Potential disadvantages of applying SSbD include:
- It takes time to build the necessary knowledge, skills, and supply chain collaboration.
- Not all companies have the capacity and resources to invest in SSbD.
- To work according to SSbD and achieve lasting results, a cultural shift is necessary.
- SSbD may require adjustments to production processes and facilities.
- Responsibly developed substances and materials may be more expensive.
- Not all companies succeed in developing a more sustainable and safer alternative with the same functionality.

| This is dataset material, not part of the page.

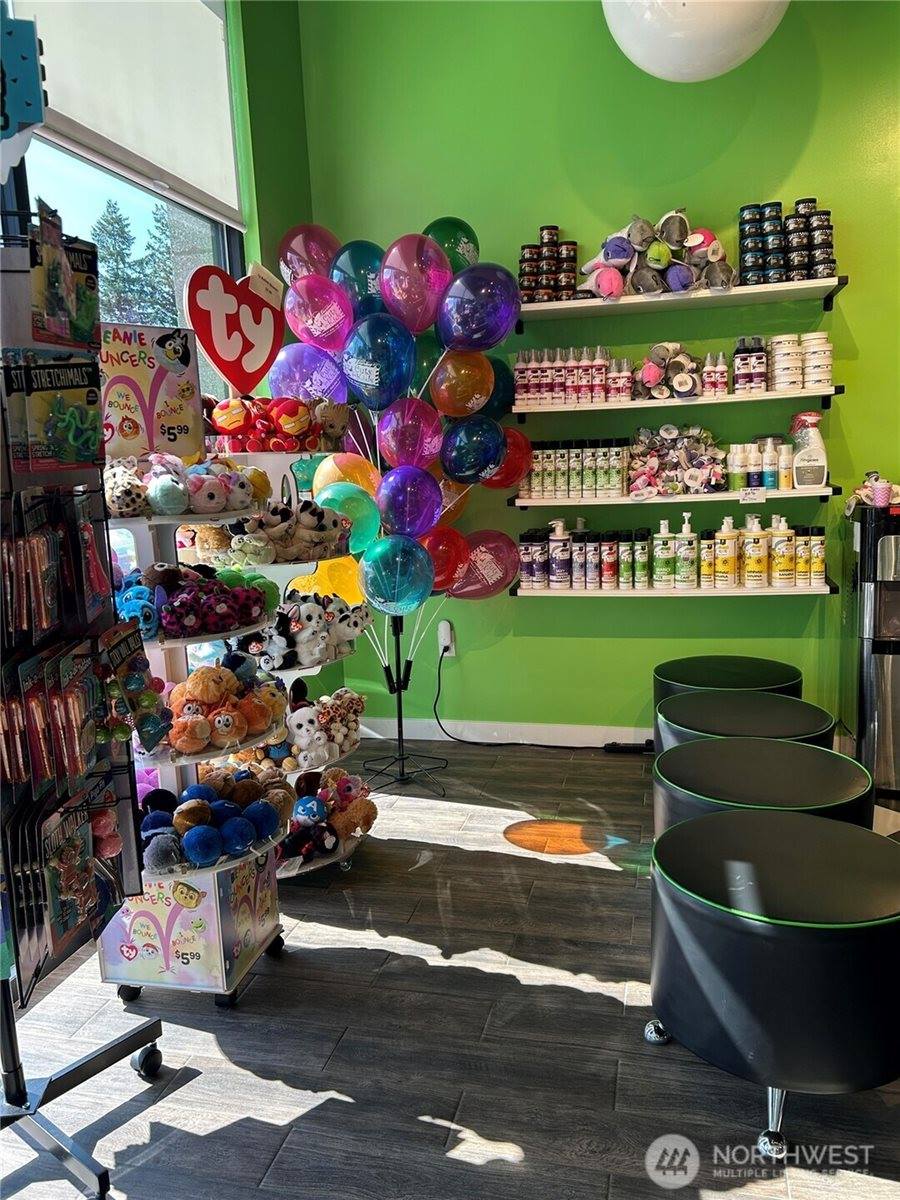 31231 3rd Avenue, Black Diamond, WA 98010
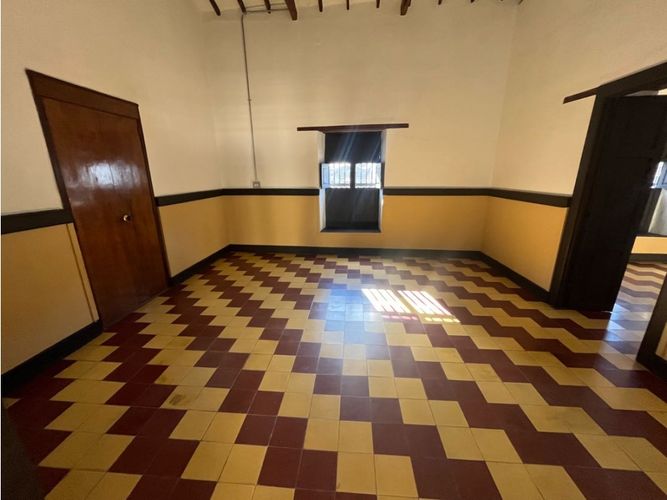 Local en arriendo en Los Naranjos, Envigado, 380 m² · foto 9 de 13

== Comparison of traditional product development and SSbD ==
Safe and Sustainable by Design differs from the traditional approach to product development by considering safety and environmental impact from after the moment the product has been made to satisfy legislation to an upfront requirement. Traditionally development focuses mostly on functionality and cost, which may lead to the identification of hazards in a late stage or even only after being in use for a long time (e.g., DDT). SSbD on the other hand integrates life-cycle assessment from the start and will mostly result in safer and more circular products and fewer emissions.

== Policies ==
The European Commission has issued a framework that addresses iterative (re-)design and assessment as more data becomes available. During design phase guiding principles should be applied that steer the design choices. During this phase goal, scope and system boundaries are defined that will frame the assessment of the chemical or material. The assessment consists of four elements: determining the potential hazard, calculating possible exposure of workers during fabrication, exposure to downstream users, consumers and environment and life-cycle assessment. This assessment can be applied to newly developed chemicals and materials. But it can also be applied to chemicals and materials already on the market to improve their safety and sustainability performance during all life cycle stages. Horizon Europe, the current EU research and innovation funding programme (2021–2027) supports SSbD through funding, particularly through projects like the Strategic Research and Innovation Plan. The European Commission commissioned a study on providing businesses with support to substitute their use of hazardous chemicals by stimulating supply chain cooperation, innovation, research and direct assistance.

== Guidances ==
The European Chemical Industry Council (Cefic) published in 2024 guidance intended for research and innovation teams within chemical companies to be used in addition to the Framework of the European Commission. It describes a workflow that fits the application of SSbD. The first activity is the alignment of performance and functionality needs in the form of a needs list that includes stakeholder and corporate requirements, intended use and minimum requirements. Next is the identification of the scope of the assessment dimensions including relevant hazards, exposures linked to the intended use, and relevant sustainability dimensions. This is followed by selection of the
design principles for each assessment dimension. Then a comparative assessment is performed, creating assessment results by using assessment toolboxes relevant to the selected dimensions and by checking for stakeholder and corporate requirements along the value chain. Finally, trade-offs are evaluated based on a guidance and the optimal solution is selected.